WHAT YOU WILL DO: With images removed, return the whole listing exactly as written.

GIVEN INFORMATION:

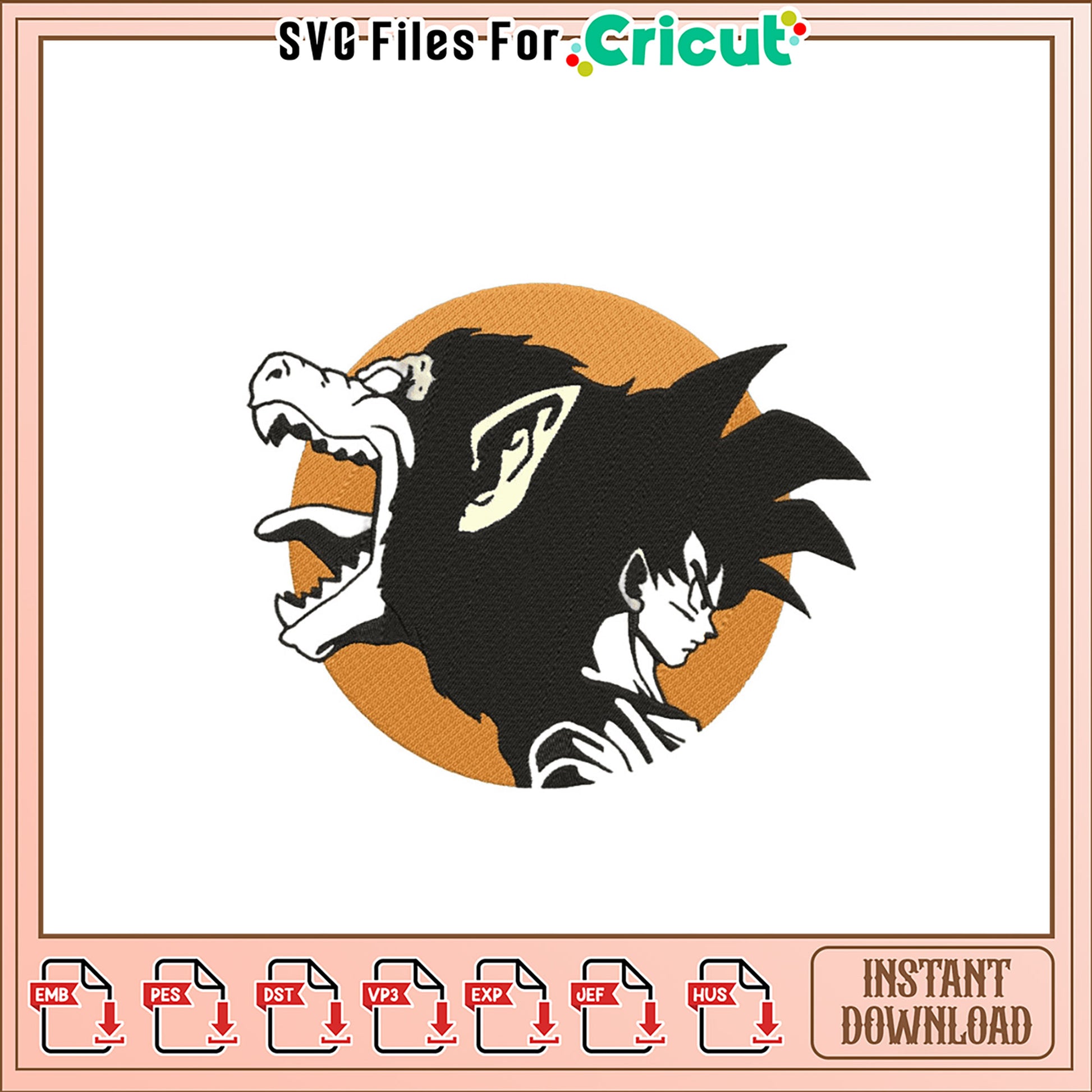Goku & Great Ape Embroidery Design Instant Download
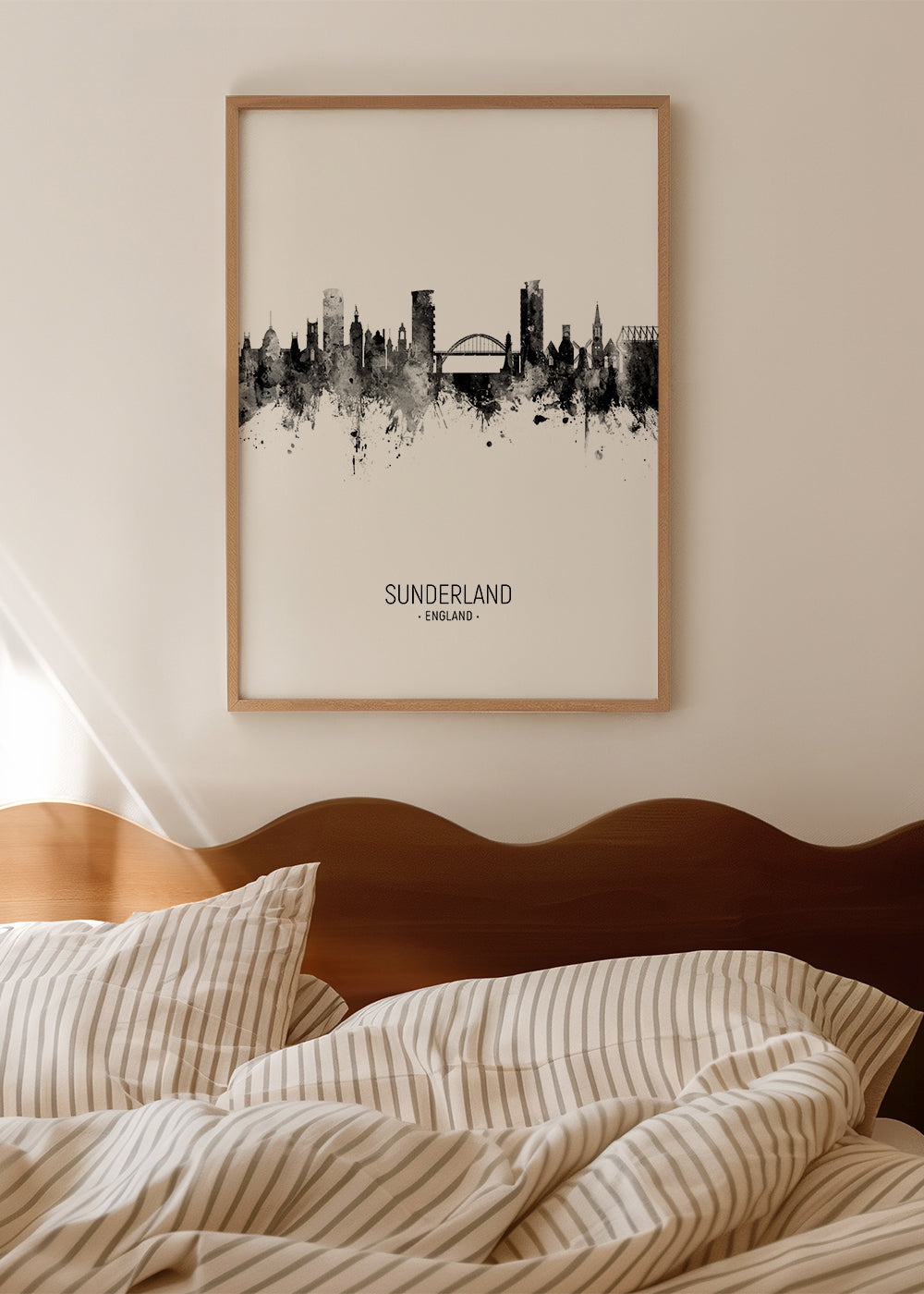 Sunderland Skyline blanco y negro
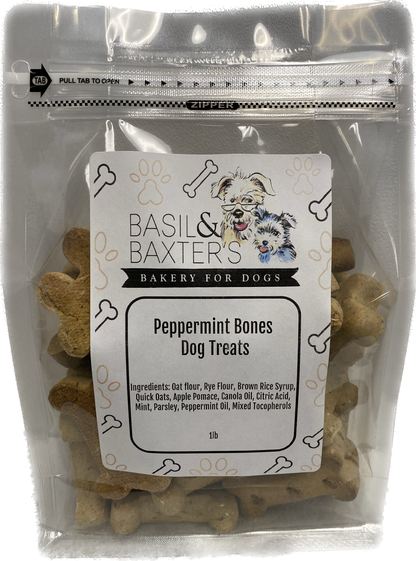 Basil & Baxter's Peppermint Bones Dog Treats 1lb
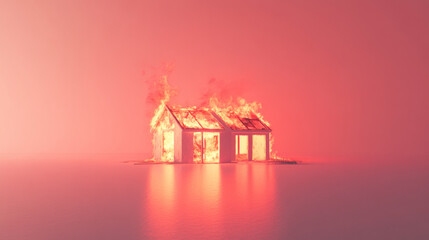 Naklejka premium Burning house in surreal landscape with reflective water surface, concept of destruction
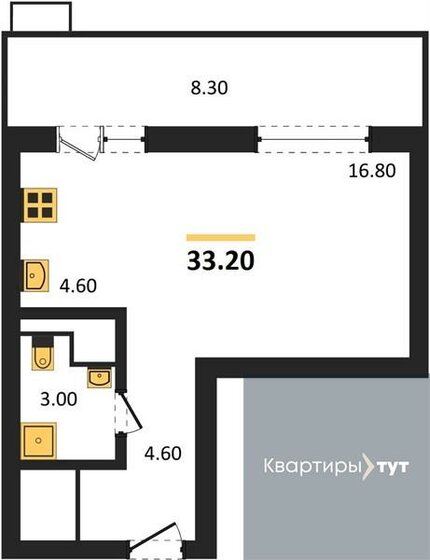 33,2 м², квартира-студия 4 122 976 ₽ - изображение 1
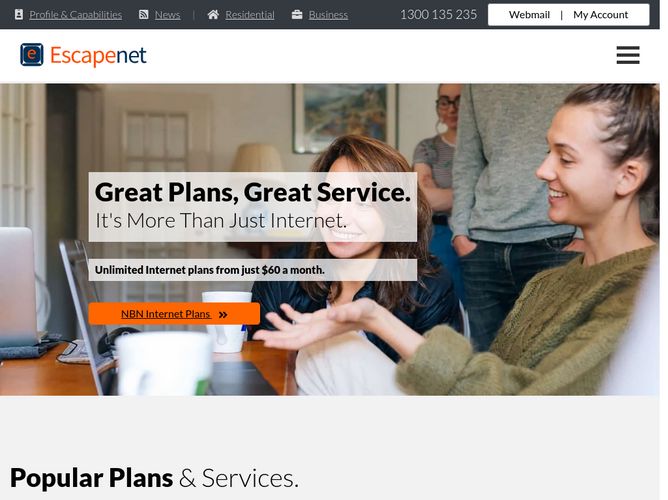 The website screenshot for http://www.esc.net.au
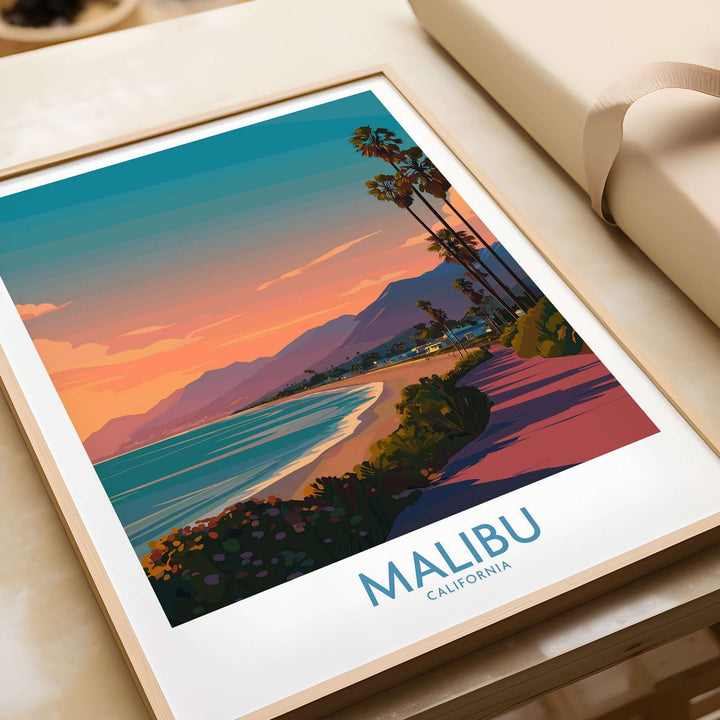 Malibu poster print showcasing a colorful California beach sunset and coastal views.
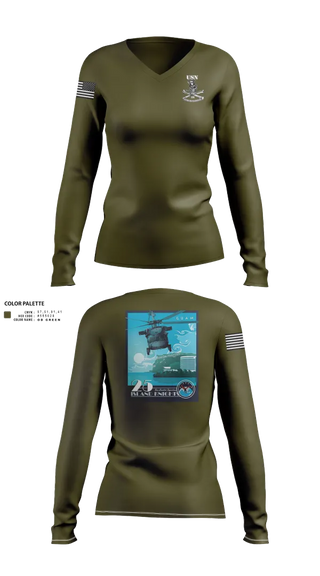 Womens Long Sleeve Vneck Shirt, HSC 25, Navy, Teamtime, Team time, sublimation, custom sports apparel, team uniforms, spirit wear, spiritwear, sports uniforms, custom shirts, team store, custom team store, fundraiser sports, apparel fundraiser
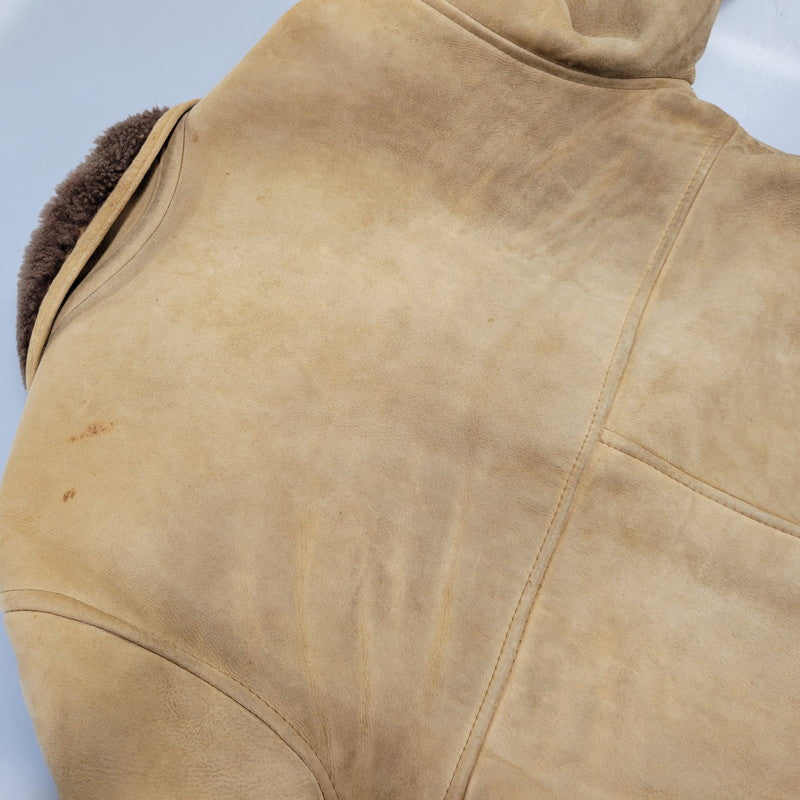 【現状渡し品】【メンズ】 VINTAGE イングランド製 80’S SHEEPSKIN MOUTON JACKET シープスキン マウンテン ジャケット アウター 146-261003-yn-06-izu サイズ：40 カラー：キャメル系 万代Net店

RESPONSE:
Goku & Great Ape Embroidery Design Instant Download
 Sunderland Skyline blanco y negro
 Basil & Baxter's Peppermint Bones Dog Treats 1lb
 Naklejka premium Burning house in surreal landscape with reflective water surface, concept of destruction
 33,2 м², квартира-студия 4 122 976 ₽ - изображение 1
 The website screenshot for http://www.esc.net.au
 Malibu poster print showcasing a colorful California beach sunset and coastal views.
 Womens Long Sleeve Vneck Shirt, HSC 25, Navy, Teamtime, Team time, sublimation, custom sports apparel, team uniforms, spirit wear, spiritwear, sports uniforms, custom shirts, team store, custom team store, fundraiser sports, apparel fundraiser
 【現状渡し品】【メンズ】 VINTAGE イングランド製 80’S SHEEPSKIN MOUTON JACKET シープスキン マウンテン ジャケット アウター 146-261003-yn-06-izu サイズ：40 カラー：キャメル系 万代Net店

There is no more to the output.